# What is needed
When you copy the material below, keep every line exact and omit the pictures.

(Data excerpt Opens)

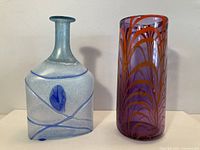 Full view of both art glass vases side by side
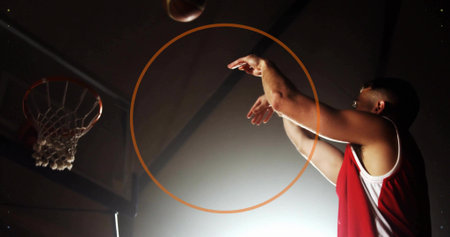 Jumping male in jersey shooting basketball at gym, with hoop, net, backboard, copy space. Athlete, sports, action, dynamic, intensity, competition, fitnessの写真素材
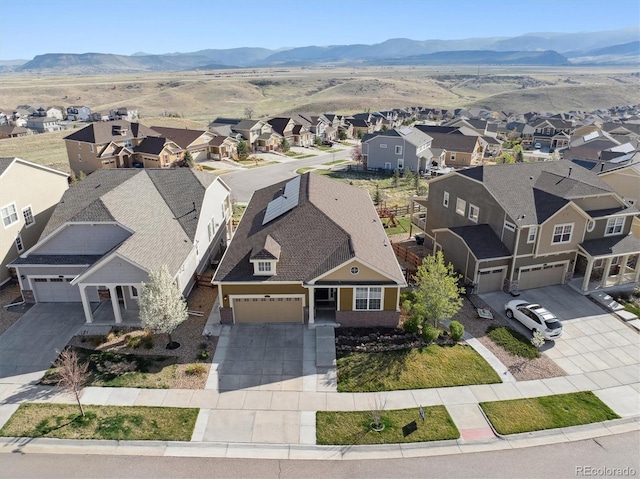 birds eye view of property featuring a residential view and a mountain view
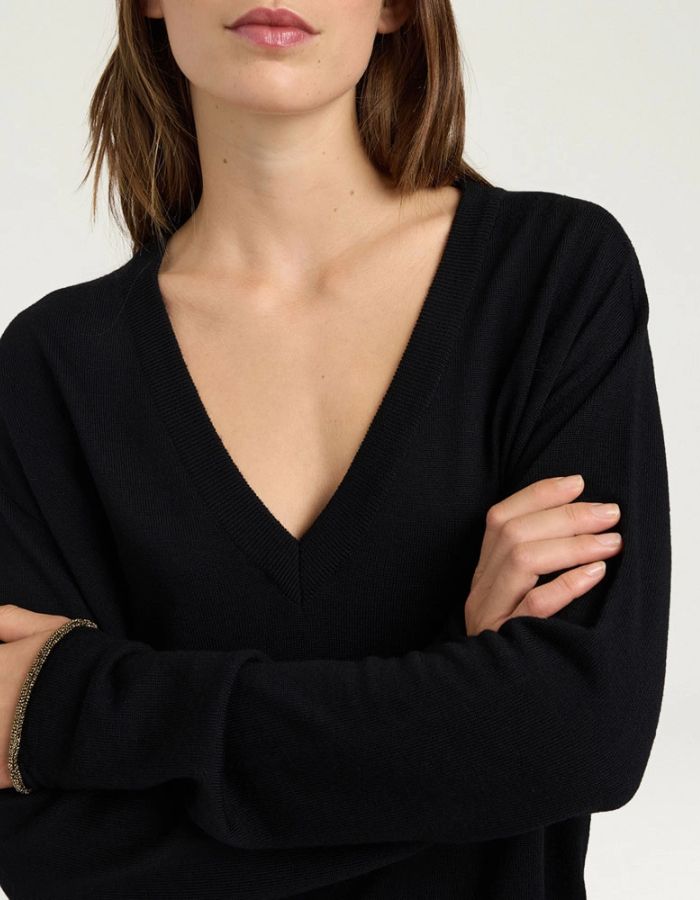 Col du Pull pour femme en pure laine noire, modèle Astrid de la marque MOMONI. Présente une maille teinté en pièce et de délicates bordures en lurex doré aux finitions.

(Data excerpt Closes)

# Answer box
 Full view of both art glass vases side by side
 Jumping male in jersey shooting basketball at gym, with hoop, net, backboard, copy space. Athlete, sports, action, dynamic, intensity, competition, fitnessの写真素材
 birds eye view of property featuring a residential view and a mountain view
 Col du Pull pour femme en pure laine noire, modèle Astrid de la marque MOMONI. Présente une maille teinté en pièce et de délicates bordures en lurex doré aux finitions.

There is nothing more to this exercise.